─── Records for this exercise

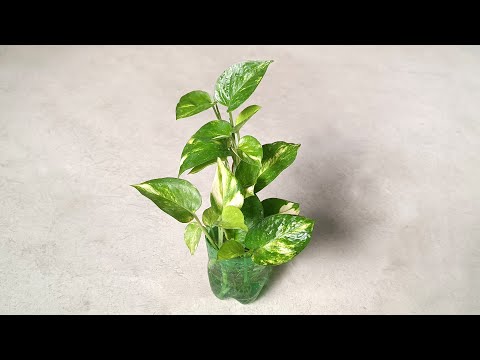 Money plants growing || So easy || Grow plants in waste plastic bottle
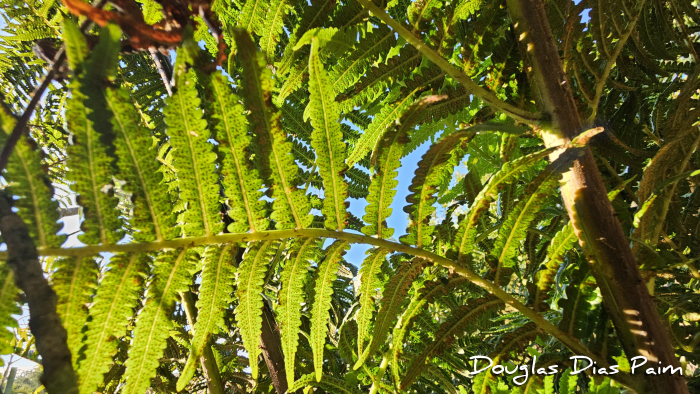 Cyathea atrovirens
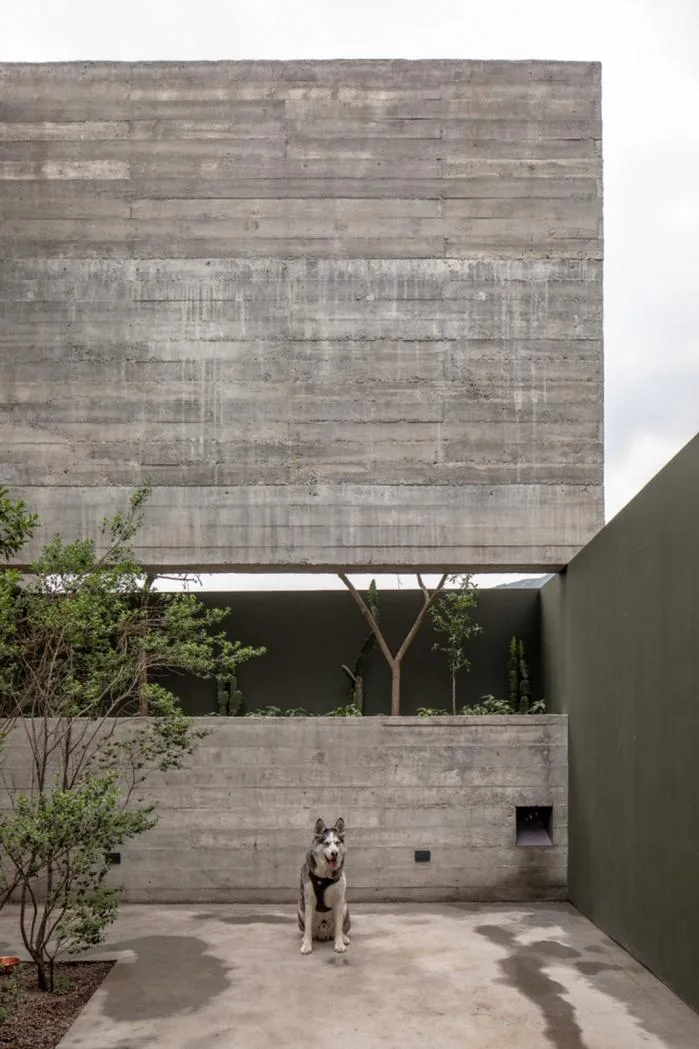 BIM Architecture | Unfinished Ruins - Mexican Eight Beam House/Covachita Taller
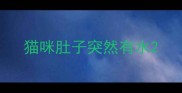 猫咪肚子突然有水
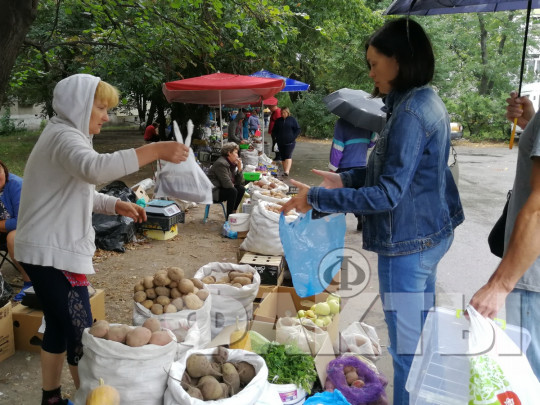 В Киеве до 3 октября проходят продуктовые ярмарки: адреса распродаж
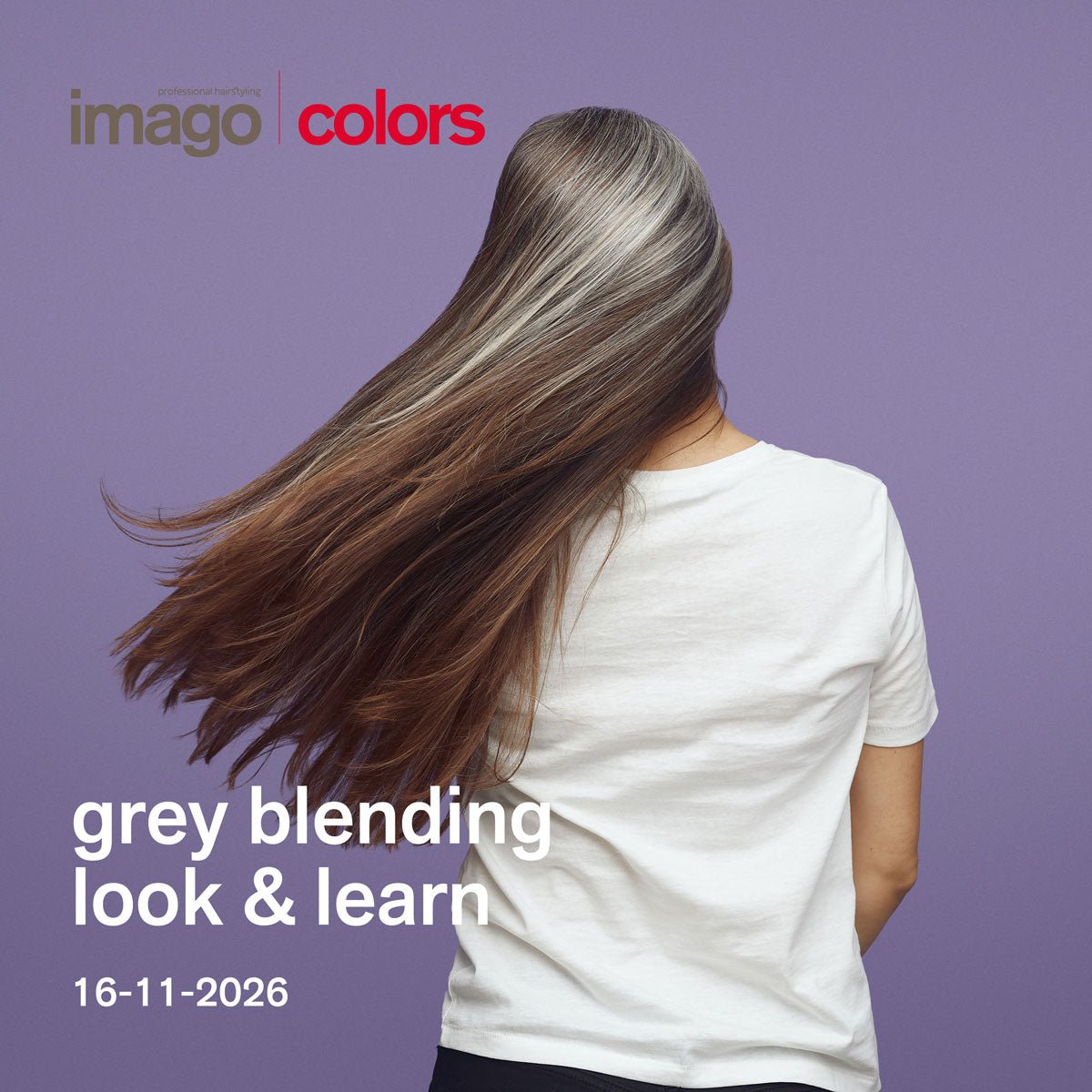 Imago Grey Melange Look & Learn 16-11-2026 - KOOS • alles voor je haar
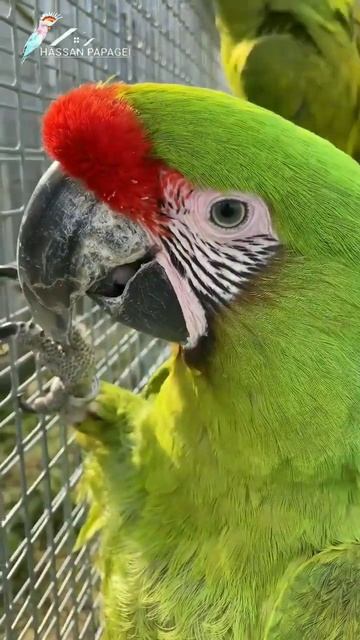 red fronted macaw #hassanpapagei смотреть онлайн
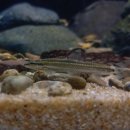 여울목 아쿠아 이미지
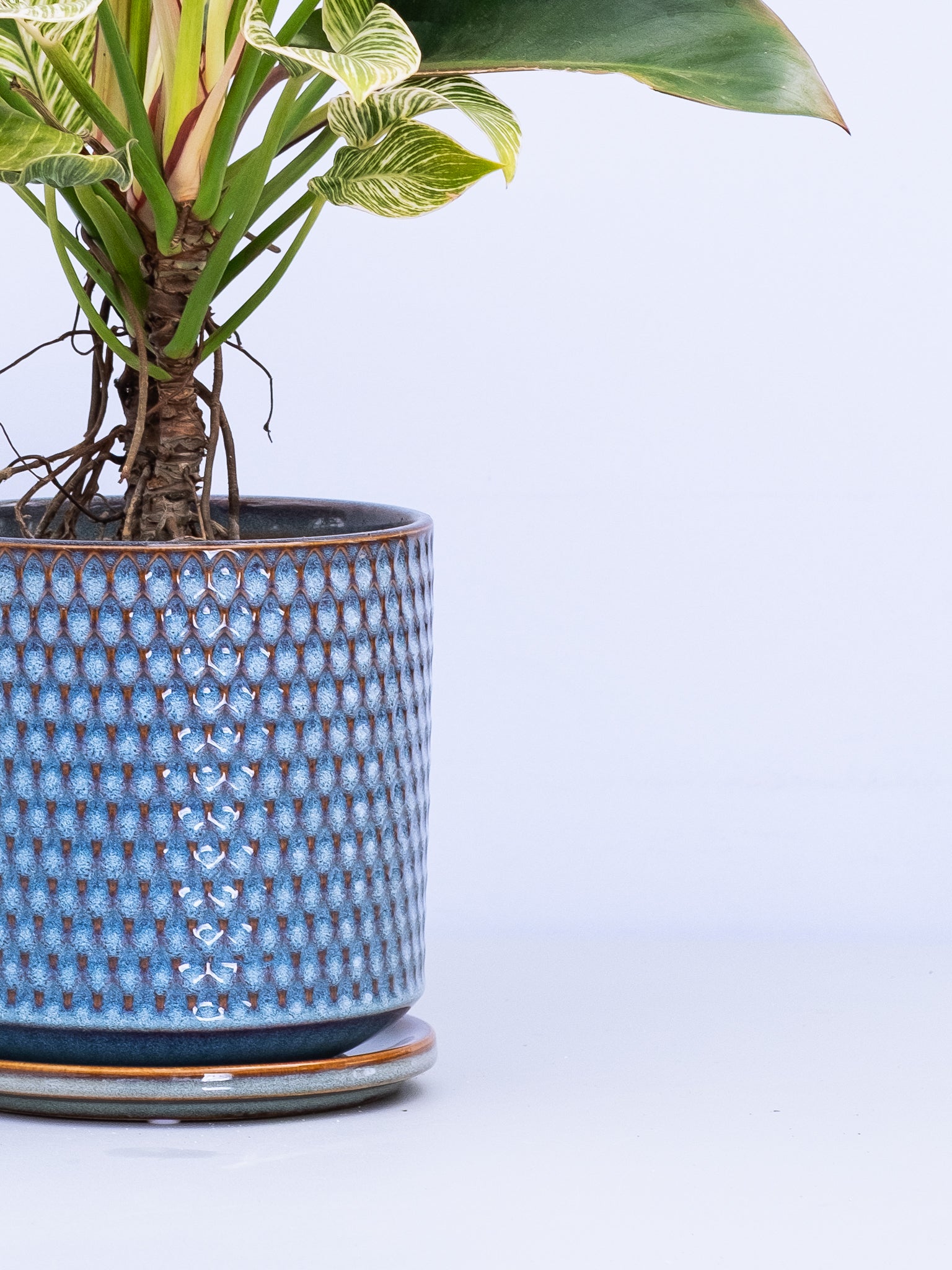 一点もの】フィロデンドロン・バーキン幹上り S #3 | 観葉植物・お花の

──────
─── Records for this exercise

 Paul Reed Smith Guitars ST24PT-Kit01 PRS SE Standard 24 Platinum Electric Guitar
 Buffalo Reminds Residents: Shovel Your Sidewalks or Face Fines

──────

• Directions for this task:
Looking at the listing above, which lines run from the one containing "Money plants growing" through the one containing "Imago Grey Melange"? Print exactly those, ends included, pictures excluded.

• Exercise output:
 Money plants growing || So easy || Grow plants in waste plastic bottle
 Cyathea atrovirens
 BIM Architecture | Unfinished Ruins - Mexican Eight Beam House/Covachita Taller
 猫咪肚子突然有水
 В Киеве до 3 октября проходят продуктовые ярмарки: адреса распродаж
 Imago Grey Melange Look & Learn 16-11-2026 - KOOS • alles voor je haar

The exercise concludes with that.